México, D.F. / Marzo 15.-
La puerta de la calle se abrió para María Esther a los 15, en San Miguel el Soldado, su pueblo veracruzano. Huérfana de madre, con un padre alcohólico que acabó devorado por la calle, sin documentación que hasta ahora consigne su existencia, se convirtió en madre soltera siendo adolescente.
Estrella, su primogénita, falleció a los ocho meses. Cierto día “lloraba mucho. La llevé al médico y me dijo que era normal. Hacía mucho frío, pues vivíamos en la calle porque mis primos me corrieron de la casa. Cuando amanecimos estaba muerta”. Ricardo, su segundo hijo, sobrevivió y hoy tiene 22 años, es analfabeta, ha permanecido casi siempre a la intemperie, carece también de identificación e ignora la identidad de su padre.
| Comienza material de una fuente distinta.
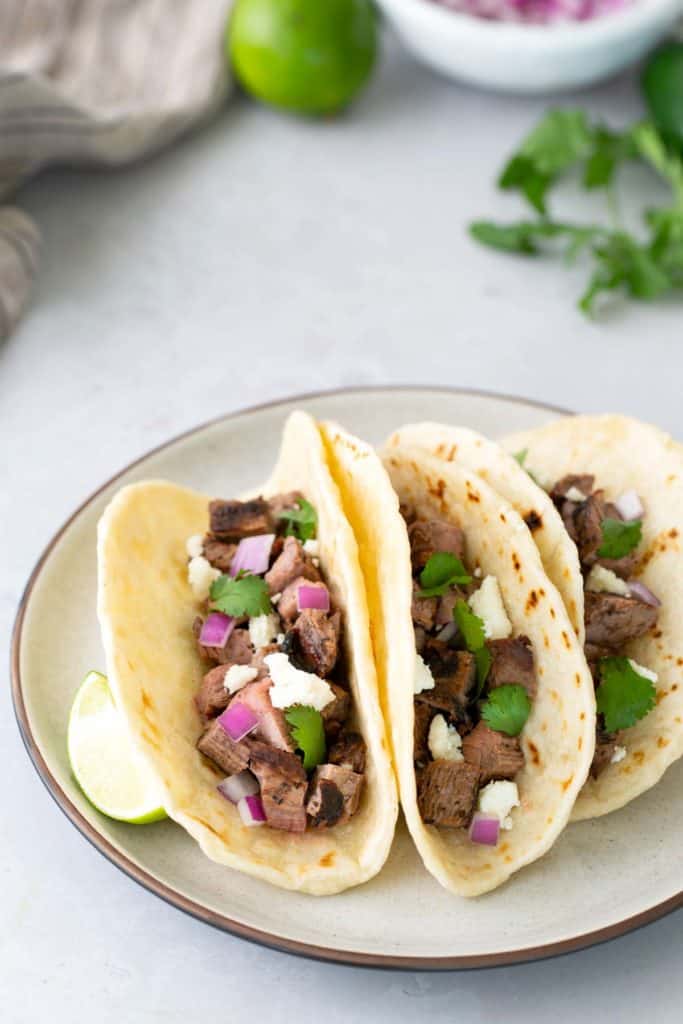 Three soft flour tortillas filled with grilled steak, chopped red onion, fresh cilantro, and crumbled cheese are served on a plate with lime wedges.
Del abuelo al nieto, un árbol genealógico callejero, tres generaciones en la indigencia, donde naturalmente las biografías suelen ser breves, casi efímeras. “La historia de los niños de la calle es la no historia: su árbol genealógico es corto y a veces nulo —acta de nacimiento, dirección, afiliaciones— son situaciones oníricas para ellos”, escribe Arnoldo Kraus (Prólogo a Los chavos de la coladera, 2001).
Ya en la ciudad de México, donde llegaron cuando Ricardo tenía seis meses, madre e hijo hicieron de la calle su hábitat. “Vivíamos en un parque donde había prostitución”, evoca María Esther. “Un día en que mi hijo estaba con fiebre, una de las prostitutas se lo llevó; yo se lo di con tal de que lo curara y le diera comida. Me dijo que sólo iba a llevárselo ese día, pero desapareció con él. Estuve como loca buscando a mi hijo, hasta que esa señora me lo devolvió porque dijo que ya no le servía”.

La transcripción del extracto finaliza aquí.